A Microsoft Word document locked as "Read-only" allows you to view the file but prevents you from saving changes without an administrator's password. Despite this restriction, it is still quite easy to use the information in this type of file. While there is no way of changing a read-only document itself, there are two ways of getting at its contents in such a way that you can save changes without the password.
Copy and Paste
If you already know how to copy and paste text, you can do so just as you normally would. A read-only file doesn't prevent you from copying, pasting or altering the text. It only prevents you from saving the changes. To copy and paste, go to "Edit" and choose "Select all." Word will highlight all the text.
Go to "Edit" and choose "Copy." This will place the text on a virtual "clipboard." Word won't tell you that the text has been successfully copied.
Go to "File" and select "New." A blank document will appear.
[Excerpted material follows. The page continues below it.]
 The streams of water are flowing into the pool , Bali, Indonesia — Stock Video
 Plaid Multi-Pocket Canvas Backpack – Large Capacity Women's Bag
This file will have read and write privileges.
Go to "Edit" and select "Paste." Word will drop the text in the new file and allow you to make changes and save.
Insert Text from File
You can also access the text from a read-only file without ever having to open it. To do this, open the file in which you want the text from the read-only file inserted.
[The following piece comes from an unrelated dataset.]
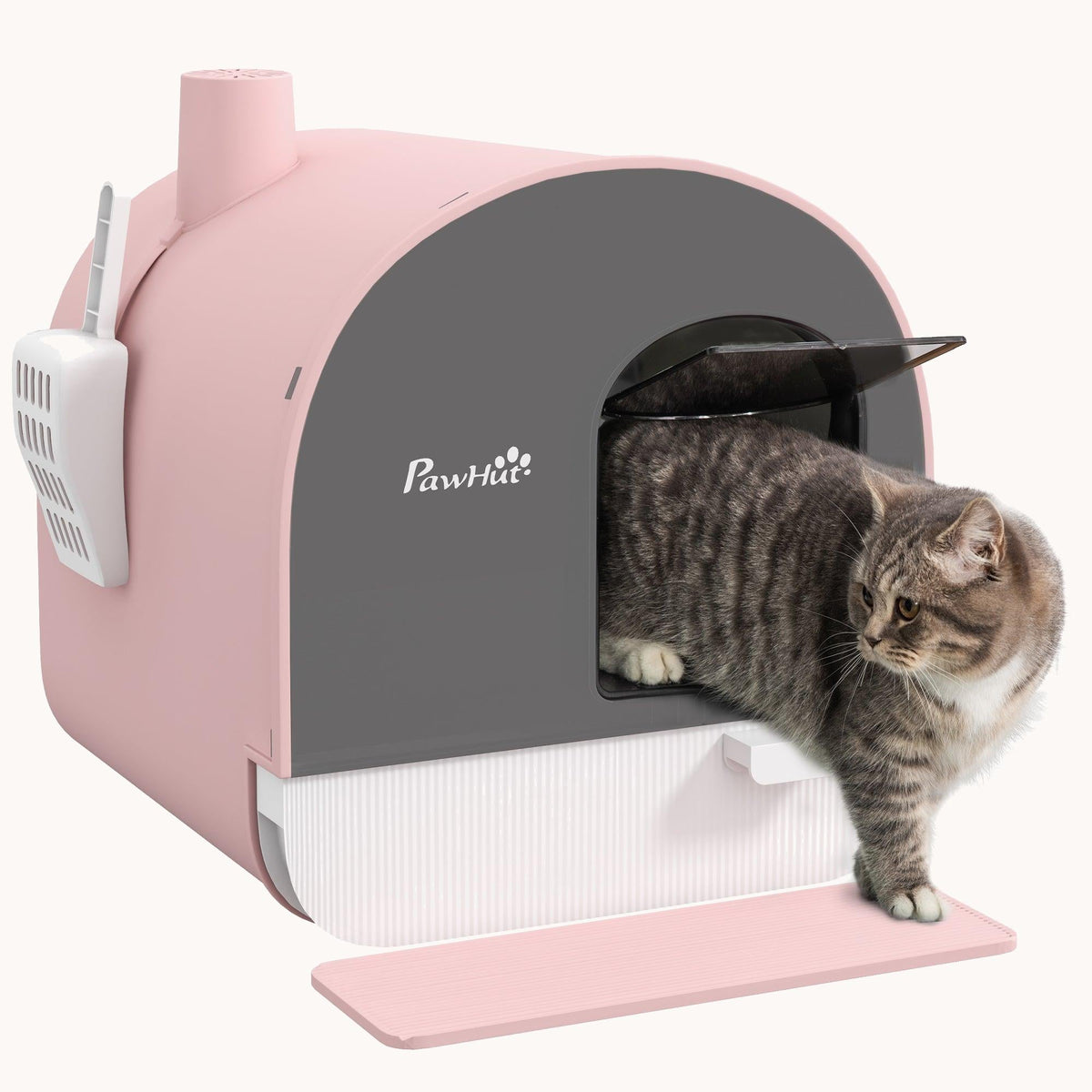Covered Cat Litter Box with Tray, Filter & Scoop, 17" x 17" x 18.5", Pink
Using the mouse or the arrow and enter keys, position the cursor in your file in the exact location you want the text to show up.
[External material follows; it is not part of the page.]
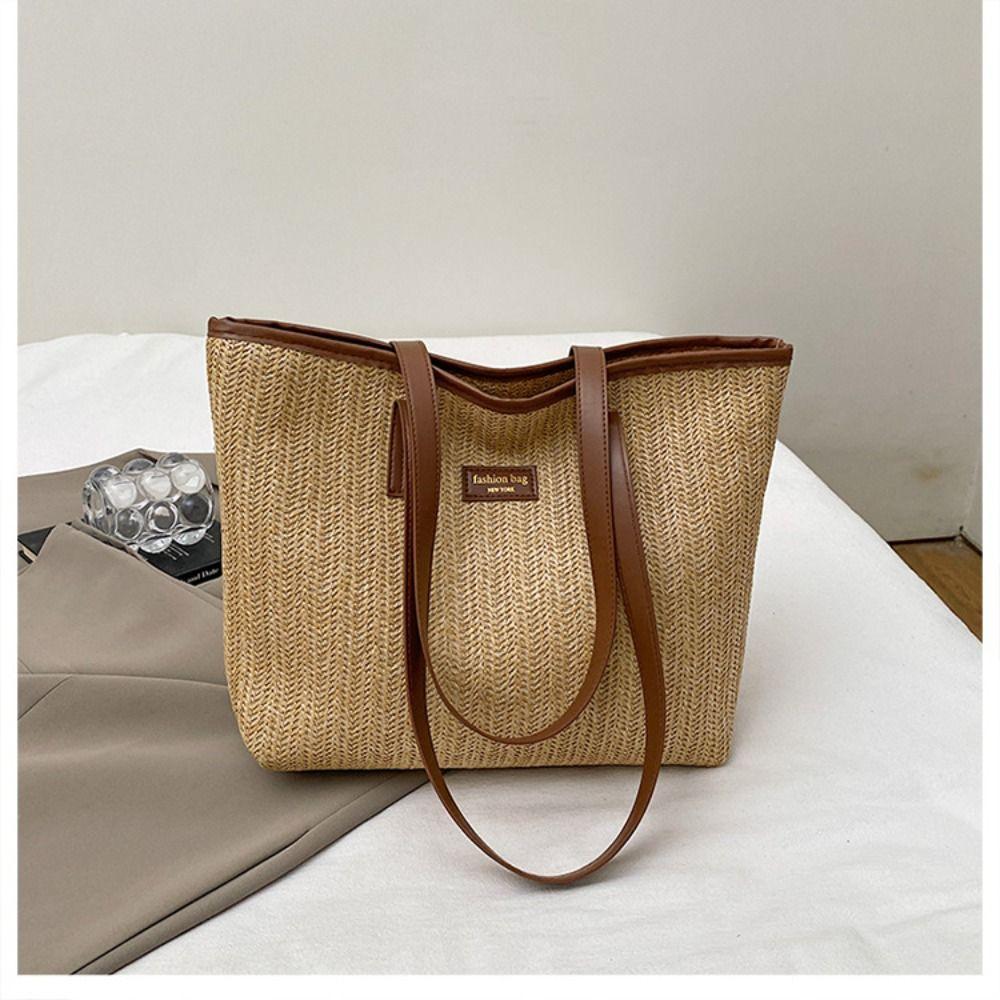 Leisure Straw Shoulder Bag Summer Tote Bag New Weave Straw Bag  for Women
Go to "Insert" and select "File." A box will appear allowing you to browse your files. Find the document with the text you want and click on it.
Select "Insert" and Word will drop the text into your current file. The text may not look exactly as it did in the original file. Most of the time you'll be able to alter the inserted text. However, you may not be able to if you inserted the text from a much older version of Word.
Shortcuts will expedite the processes described above. Holding down “Crl” + “A” will select all text in a Word file. “Ctrl-C” copies text. “Ctrl-V” pastes text. For other short cuts, click on any drop down menu in Word. The functions that have shortcuts will specify them on the right. For Macs, use “Command” instead of “Ctrl.”
When opening a document you did not create, check the title at the top. There it will specify if it is read-only. If so, follow the steps above before making changes to avoid losing your work.